The fact that I had nice words to say yesterday about the Lutheran pastor Nadia Bolz-Weber and her memoir Pastrix has attracted lots of notice on both the Christian left and the Christian right. As you will recall if you read my earlier piece, I expected to hate the book, given how radical Bolz-Weber is, and I expected her to be liberal Protestantism’s flavor-of-the-month. That’s not what I found when I actually engaged with the book. Even though I will never agree with Bolz-Weber on some fundamental Christian dogmas and doctrines, I admire her heart, her voice, and her ragged humanity. From what I can tell, some on the Christian left were startled that a conservative Christian found anything nice to say about one of them, and some on the Christian right are appalled that I found anything nice to say about a pastor who upends so many orthodoxies (many of which I myself uphold).
I was thinking this afternoon about what it was, precisely, that makes me like Bolz-Weber in spite of the fact that we are on opposite sides of some important controversies. I think it comes down to this: she’s a radical. She seems to know, as so many ideological Christians on both the progressive and conservative side do not, that Christianity is not educated academics and/or the comfortable middle class at prayer. It is — it has to be — something far more challenging, and, yes, radical. Peter Kreeft spoke to this point about politics in a 1996 First Things essay in which he, a traditionalist, discovered he had more in common with a socialist friend than either of them had in common with their lunch partners who were a conventional liberal and a conventional conservative. It emerged in a discussion about architecture and aesthetics.
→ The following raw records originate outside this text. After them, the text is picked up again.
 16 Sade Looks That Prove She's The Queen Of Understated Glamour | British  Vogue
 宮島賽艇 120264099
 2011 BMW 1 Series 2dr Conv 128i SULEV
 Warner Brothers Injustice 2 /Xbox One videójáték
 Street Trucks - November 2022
Kreeft wrote:
It became obvious to all four of us that there was some sort of a serious spiritual division between “us” and “them”: with the radical and the traditionalist on the one side, and the liberal and the conservative on the other. It was more than a set of aesthetic preferences. It soon became clear that it unexpectedly flowed over into social and political issues. Dick and I discovered that we shared a preference for “small is beautiful” populism, a suspicion of bigness whether in government or business, a lack of interest in economics, a dislike of suburbs, a love of nature, and a concern for conserving the environment. (I’ve never understood why “conservatives” aren’t in the front rank of conservationism.) We didn’t get into moral and religious issues, but I suspect that even there we would have found a psychological kinship beneath our philosophical differences.
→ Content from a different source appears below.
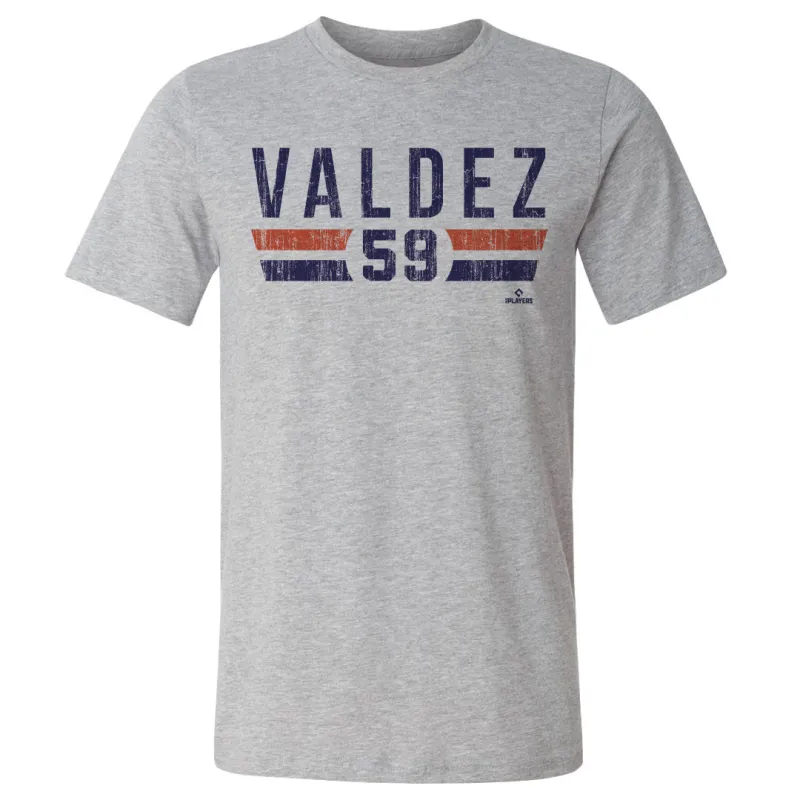 Framber Valdez Houston Font sold by 500 Level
I think what Kreeft touches on here probably has something to do with the affinity I felt for Nadia Bolz-Weber after reading her book. Robert Inchausti’s great book Subversive Orthodoxy is also helpful here, at least a bit. The book is about a wide range of modern Christian writers and thinkers whose radicalism (relative to our time) comes not in rejection of small-o orthodox Christianity, but because of it. Inchausti examines figures like Alexander Solzhenitsyn, Marshall McLuhan, Dorothy Day, Soren Kierkegaard, Martin Luther King Jr., Wendell Berry, and Jacques Ellul, among others. He writes (emphases are the author’s):
[U]nlike their more utilitarian peers, they desire to live in the truth more than they desire to be effective in the world, and this puts them on the far side of a very deep and very important intellectual divide: it puts them in the camp of the stoic poor, the moral outcasts, and the political and literary pariahs. … [T]he primary moral task from a Christian perspective is to perceive evil. And this requires on to see what isn’t there and through the things that are. This is possible only for someone who is suspicious of virtue and who believes in a reality greater than his own.
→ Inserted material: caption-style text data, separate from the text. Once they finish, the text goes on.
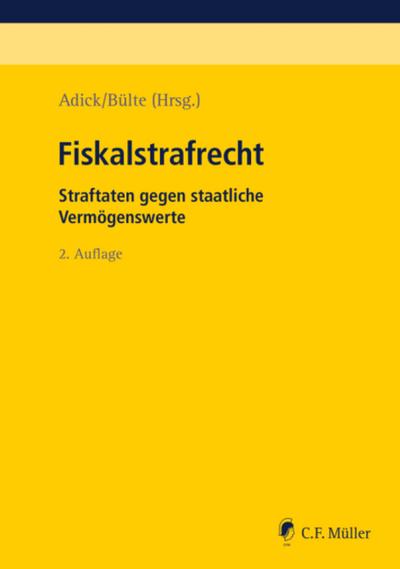 Fiskalstrafrecht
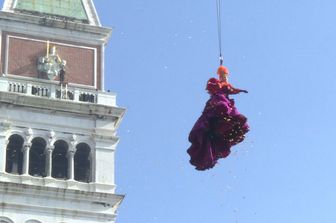 Venezia carnevale volo&nbsp;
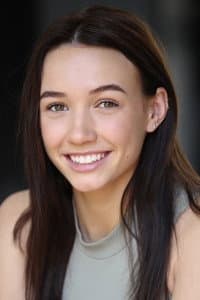 Tyneak Hellings in They Kiss at the End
To be perfectly clear: I think Nadia Bolz-Weber is quite wrong about some important things, and I think she’s bound to believe that about me. But she’s onto a way of approaching Christianity that I believe is critically important, and one that I try to emulate as well, from an orthodox (and Orthodox) Christian perspective. If Jesus was who He said He was, then we have no choice but to be radical — but to be as radical toward our own hearts as we are towards the world. This is hard, and it’s a lifelong struggle. But there it is.